Came across the PERC Raven Java PDF advertising stuff while looking for other real-time GC implementations. I'm not sure I want Java near my nuclear reactors, but food for thought never-the-less.

(Scroll down to the second page of the PDF to see the guidelines.)

Comment viewing options

Select your preferred way to display the comments and click "Save settings" to activate your changes.

There's been work on RT java

There's been work on RT java for quite awhile now. Some links were posted here in the past (for example). Some of the work is acutally quite interesting.

Personally, I find java terrifying even away from nuclear reactors, but that's just me I guess...

becomes a chance to plug Scala

One could avoid distatesful Java and write Scala source code - my dream is that plus running it on game hardware via something like their related "PERC Pico" small-and-fast Java implementation. (As an aside, PERC just seems like a bad name - it reminds me either of the old, old computers, or nasty hazardous dry-cleaning chemicals.)

Excuse me for saying so, but

Excuse me for saying so, but isn't that an inflammatory statement? I thought we are supposed not to do that, especially in LtU.

Anyway, is there any real reason why Java is generally terrifying?

Is there a magic way that makes programs in other languages (Haskell, ML, etc) at nuclear reactors safe? I don't think so.

Real time

Is there a magic way that makes programs in other languages (Haskell, ML, etc) at nuclear reactors safe?

Not sure why you connect these FP langauges with what Ehud is saying? He's probably more likely to be talking about a language that has a name which is a palindrome.

Keeping in Mind That Safety is Relative...

Achilleas Margaritis: Anyway, is there any real reason why Java is generally terrifying?

Absolutely. Far too often (but less with Java 5), it's necessary to write unsafe code using instanceof, downcasts, etc. to get real work done. The language doesn't have a formal semantics, which might not be a "real reason" it's terrifying, but the sheer size and complexity of the current language makes that scary. And, as I've noted before, I manage to crash the JVM relatively frequently—I'd say, on average, once a month. Hardly the kind of reliability rate you'd want for a nuclear reactor.

Achilleas Margaritis: Is there a magic way that makes programs in other languages (Haskell, ML, etc) at nuclear reactors safe? I don't think so.

Magic, no. The difference between a sound type system and an unsound one, yes.

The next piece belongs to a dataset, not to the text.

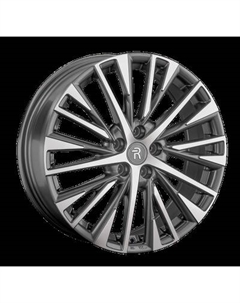 Литой диск Replay MZ194 19x7" 5x114.3мм DIA 67.1мм ET 45мм GMF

Assuming that you stay away from the various Unsafe operations (which are named so, by the way) in Haskell, the Obj module in O'Caml, and so on, those alternatives really are vastly safer even than Java, which is vastly safer than C/C++. Better still, for something like nuclear plant operation, a language like Haskell, Standard ML, or O'Caml is at least amenable to being proven trustworthy by formal methods, e.g. the use of a theorem prover in conjunction with a formal semantics of (at least a reasonable subset of) those languages (see Djinn, Coq, Twelf, MetaPRL, HOL Light...). Nuclear plant operation is very definitely an application where you want to pay attention to even epsilons of difference in reliability, and as a professional Java programmer for about the past decade or so, I can tell you, you really do not want Java running a nuclear plant. I'd be happy with O'Caml running a plant. I'd be even happier with the subset of O'Caml that's covered by MetaPRL running the plant, assuming that the code had been proven correct with MetaPRL.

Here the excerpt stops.